• _Task instructions_
In the entries below, find the line with "SELECT & GO Salade pâtes & crudités" and the line with "Genatoppower 15KVA 380/220V". Print those two and everything between them exactly, and nothing else.

• _Materials provided_
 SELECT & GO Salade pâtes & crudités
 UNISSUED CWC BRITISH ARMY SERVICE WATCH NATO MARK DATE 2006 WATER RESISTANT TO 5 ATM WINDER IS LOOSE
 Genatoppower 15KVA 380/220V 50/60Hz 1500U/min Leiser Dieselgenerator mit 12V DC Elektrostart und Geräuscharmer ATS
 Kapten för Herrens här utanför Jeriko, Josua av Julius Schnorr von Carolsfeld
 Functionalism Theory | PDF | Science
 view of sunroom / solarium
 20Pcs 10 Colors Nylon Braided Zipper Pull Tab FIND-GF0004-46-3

--

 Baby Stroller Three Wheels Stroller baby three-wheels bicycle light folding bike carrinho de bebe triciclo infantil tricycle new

• _Result below_
 SELECT & GO Salade pâtes & crudités
 UNISSUED CWC BRITISH ARMY SERVICE WATCH NATO MARK DATE 2006 WATER RESISTANT TO 5 ATM WINDER IS LOOSE
 Genatoppower 15KVA 380/220V 50/60Hz 1500U/min Leiser Dieselgenerator mit 12V DC Elektrostart und Geräuscharmer ATS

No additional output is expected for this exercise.